- Supplied material:
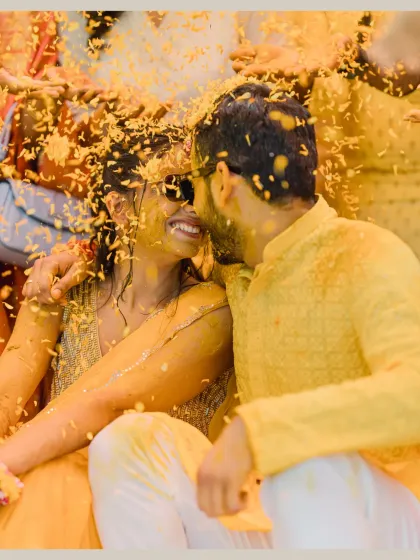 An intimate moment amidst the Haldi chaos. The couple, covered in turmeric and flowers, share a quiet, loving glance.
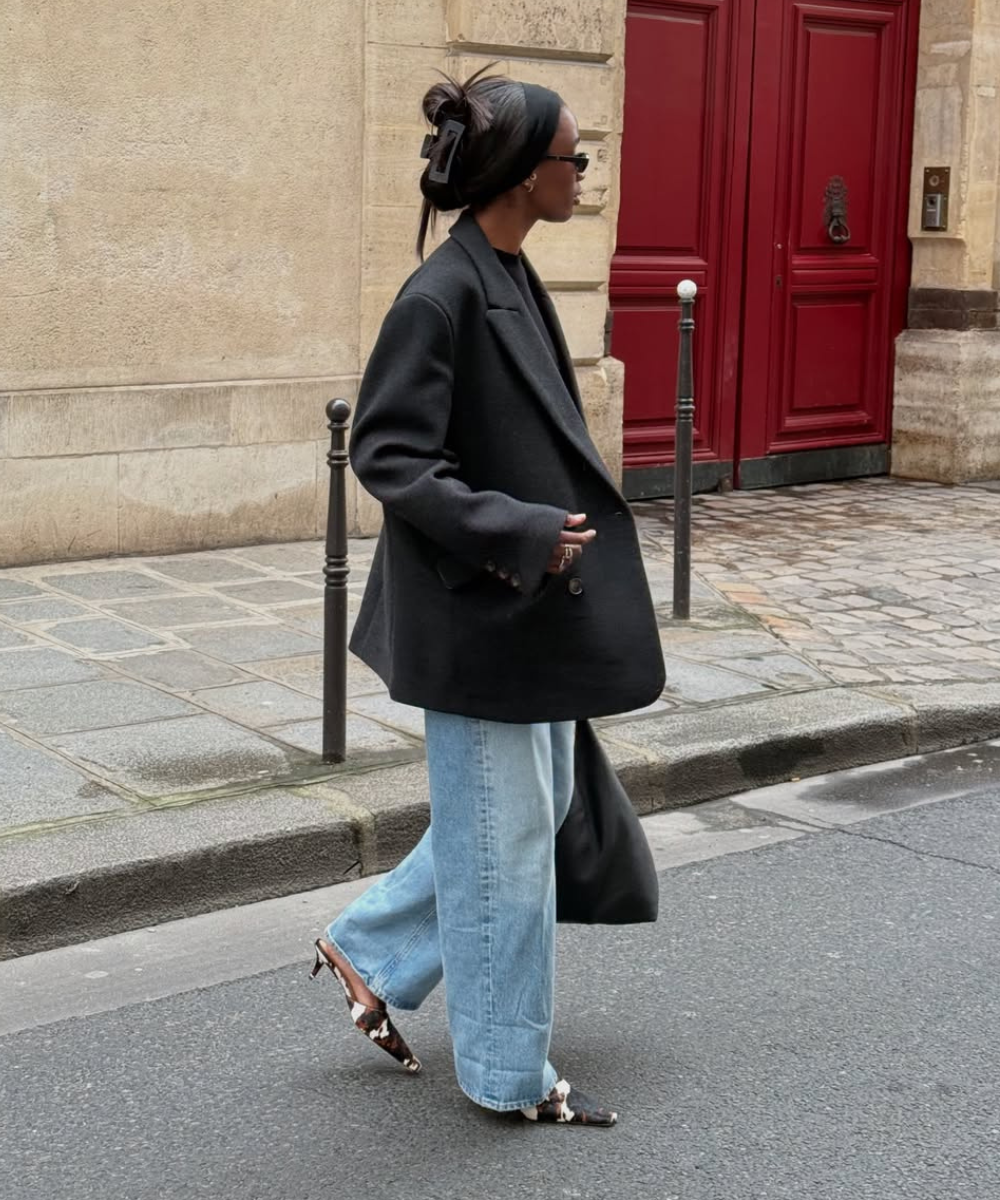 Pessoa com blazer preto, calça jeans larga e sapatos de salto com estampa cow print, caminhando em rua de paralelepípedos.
---
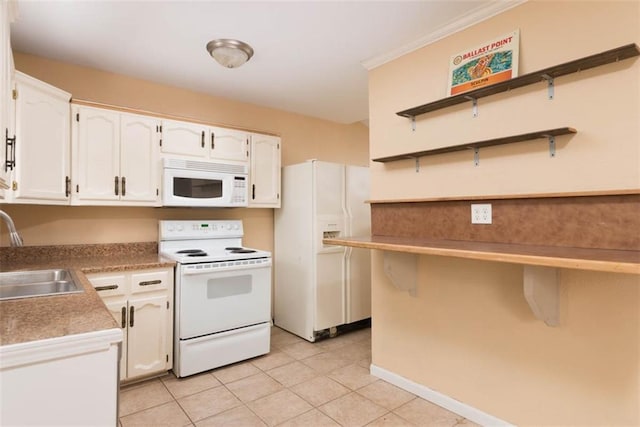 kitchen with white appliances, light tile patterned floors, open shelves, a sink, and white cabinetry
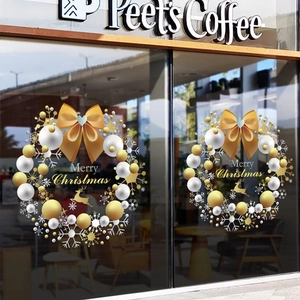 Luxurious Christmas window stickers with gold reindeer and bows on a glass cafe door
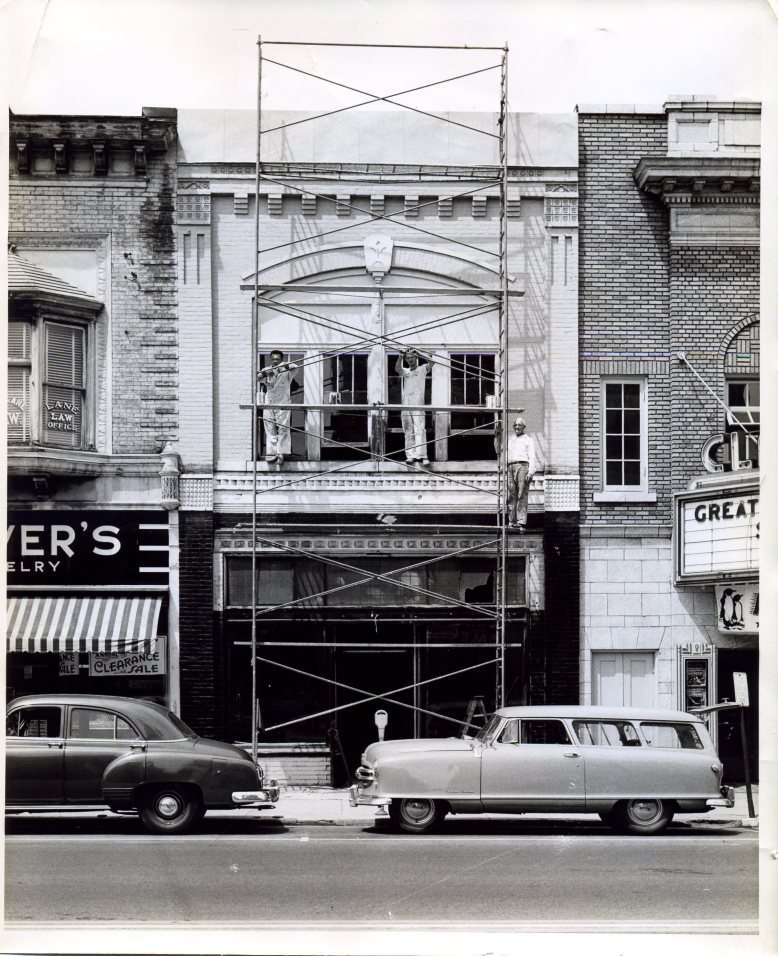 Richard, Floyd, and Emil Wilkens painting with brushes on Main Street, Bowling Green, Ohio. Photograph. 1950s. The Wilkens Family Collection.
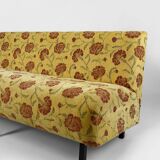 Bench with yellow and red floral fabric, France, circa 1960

- What is needed: Starting at the line containing "kitchen with white" and stopping at the line containing "Bench with yellow", output each line exactly as it appears above. Leave out the pictures.

- Response to this task:
 kitchen with white appliances, light tile patterned floors, open shelves, a sink, and white cabinetry
 Luxurious Christmas window stickers with gold reindeer and bows on a glass cafe door
 Richard, Floyd, and Emil Wilkens painting with brushes on Main Street, Bowling Green, Ohio. Photograph. 1950s. The Wilkens Family Collection.
 Bench with yellow and red floral fabric, France, circa 1960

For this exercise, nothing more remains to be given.